スクールの窓から:「人の手が加わるものには力がある」みんぱく・上羽陽子先生のニードルワーク授業 3

初夏から夏至の頃、専門コース本科では民族学・文化人類学から見た刺繍布の熱気あふれる授業が繰り広げられています。国立民族学博物館(みんぱく)の上羽陽子准教授による「ニードルワーク」3回授業シリーズもいよいよ最終回を迎えました。講義は、幼児婚や刺繍禁止令などの話題からインド西部ラバーリー社会に更に分け入り、また刺繍の模写では、一枚の布を通してラバーリーの人々と糸と針によるコミュニケーションを図るようにものづくりの奥行きを知り、その面白さを堪能した時間となりました。

みんぱく・上羽陽子先生のニードルワーク授業 1
みんぱく・上羽陽子先生のニードルワーク授業 2

◆ラバーリーの人だったらどうするか?

これまで2回の授業で学生たちは、ラバーリーの刺繍技術を習い、刺繍布の背景にある社会や歴史を見つめ、少しずつものの見方が変わってきています。最終課題として、刺繍布サンプルから好きな部分を見つけて模写を進める学生に、上羽先生はこう話しかけます。「さあ、ラバーリーの人だったらどうするかな?」この授業では学びを糧に、作り手の意識までも想像していきます。

そんなふうにインドに行ったことがなくても、ラバーリーを直接は知らなくても思いめぐらせることができるのは、20年近くラバーリーに通ってフィールドワークをしてきた上羽先生が、知識だけでも技術だけでもない、経験から得た実感を授業で語られているから。なかには「私は現地で養女*になっているんですけどね」と、驚くような内容をさらっと話すことも。それはラバーリー社会の幼児婚の風習についての話の流れからで、ラバーリーでは今でも3歳から7歳頃になると結婚相手を親同士が決めて婚約を成立させることもあるそうです。幼児婚のメリットの一つに、姻族を増やしてネットワークをつくる点を挙げ、先生はこんなエピソードを教えてくれました。

「私が現地調査をしていて一番良かったのは、調査でラバーリーの村々に行くと必ず親戚がいるんです。私は養女になったので、ブジョリ村のバンカさんの娘です、と自己紹介すると、父の妹の…とつながりを説明されて『お前と俺は家族だ』と。それで『ちょっとお茶飲んでいくか、泊まっていくか』、『うちの娘がブジョリ村に嫁ぐんだ、よろしくな』と言われるんです。ラバーリーの人たちはネットワークづくりがすごく上手で、婚戚関係を結んでいろんな村に姻族を作っていきます」。

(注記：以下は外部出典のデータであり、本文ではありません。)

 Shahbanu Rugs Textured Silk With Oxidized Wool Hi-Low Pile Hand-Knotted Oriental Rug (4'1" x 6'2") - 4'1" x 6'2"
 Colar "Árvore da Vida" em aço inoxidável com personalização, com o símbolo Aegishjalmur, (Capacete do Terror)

それが、120万都市に人口2%弱ほどのマイノリティのラバーリーの人々にとって、困った時に助け合うセーフティネットになり、コミュニティ内の自分の意識付けや、風紀を守ることからも、幼児婚の慣習があるそうです。

◆ものの価値は普遍じゃない

先生は話の折々に、「幼児婚ってどう思います?」と問いかけます。文化が違えば結婚の捉え方も変わり、良し悪しではなく、どう思うかを投げかける。学生たちは皆、すぐには答えられないのですが、異文化に対面した時に自分はどう反応するか、考えをめぐらせるきっかけとなりました。

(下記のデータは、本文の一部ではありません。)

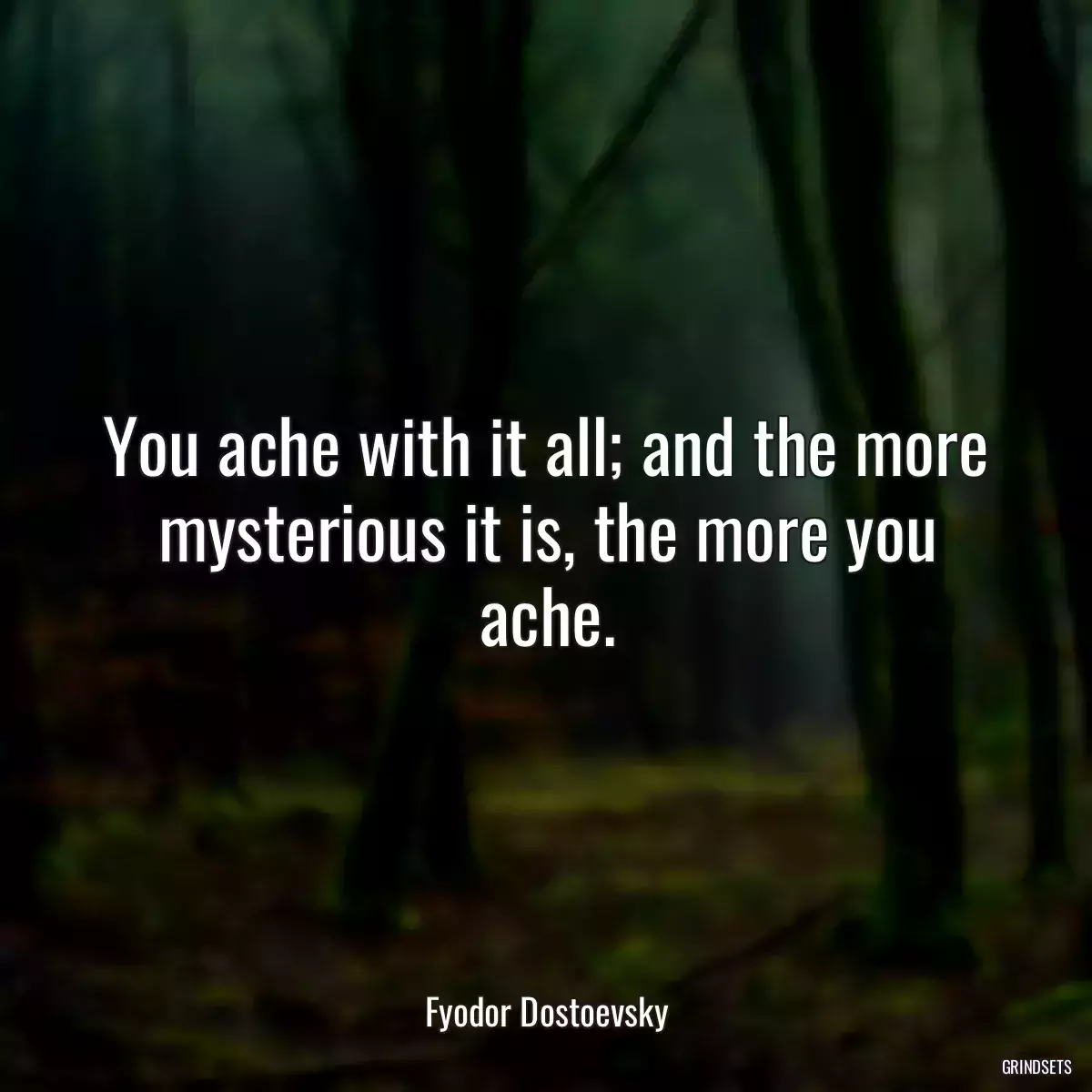 You ache with it all; and the more mysterious it is, the more you ache.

幼児婚の話は、婚礼において刺繍布が婚資や持参財として重要な役割があるという、ものづくりの価値観につながります。ラバーリーでは、婚礼用に手づくりした衣装や刺繍品などは、相手の家族や親戚によって評価されるのだそうです。それから講義は、社会変化によって1990年代に刺繍禁止令が発令されて以降、特に伝統的な刺繍ができなくなっている現状や、ものづくりの変化、商品づくりが広がらなかった理由などに話が及びました**。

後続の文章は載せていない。